Even the less flamboyant TV moments, though, under Dwight Hemion's deft direction, had their special charm. There were the touching moments when violinist and teacher Alexander (Sasha) Schneider, was introduced with warmth and a little schmaltz by friend Isaac Stern before a group of Schneider's students from orchestras around the nation played Bach's Brandenburg Concerto No. 3, with Stern as first violinist. When was the last time you heard any of the Brandenburgs on network TV?

And then there was the loving tribute to Roger Stevens, the ``modern-day Medici,'' as Hal Holbrook called the founder, and recently retired chairman of Kennedy Center. ``He's so unassuming, he was once called the faceless lamb among the celebrity lions.''

In a scene reminiscent of ``Our Town,'' the stars and creators of the arts Stevens has brought to Kennedy Center gathered on stage, along with members of the Center ``family'', from red-jacketed ushers, who marched down the aisles, to stagehands who rolled in on a tall ladder.
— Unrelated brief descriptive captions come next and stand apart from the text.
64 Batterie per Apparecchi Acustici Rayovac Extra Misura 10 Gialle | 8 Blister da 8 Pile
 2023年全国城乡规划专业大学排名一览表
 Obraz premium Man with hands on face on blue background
Actors like Faye Dunaway, Douglas Fairbanks, Jr., Gene Hackman; dancers like Maria Tallchief, Edward Villella, Jacques D'Amboise; playwrights like Edward Albee, Garson Kanin, Arthur Kopit; writers like Adolf Green and Betty Comden, opera stars like William Warfield, Frederica von Stade, Dorothy Kirsten, applauded Stevens as he took his final curtain call.

He also heard one of his favorite songs, the upbeat ``Tomorrow'' from another hit musical he rescued, ``Annie,'' sung by Rachael Graham in the title role and the dog Sandy who contributed a few woofs.

At this writing, a finished tape of the show is not available for review, so segments mentioned here may be edited. The one scene you're not going to see happened afterward, when a woman dressed in a black sequined gown and a woman dressed in a white sequinned gown became entangled at the shoulders in what can only be described as sequin gridlock.

After vain attempts to separate them, it was suggested that they dine together at the gala dinner following the taping: winter salad, veal cassoulet, and chocolate meringues served on tables covered with red and green tartan tablecloths and Christmas decorations.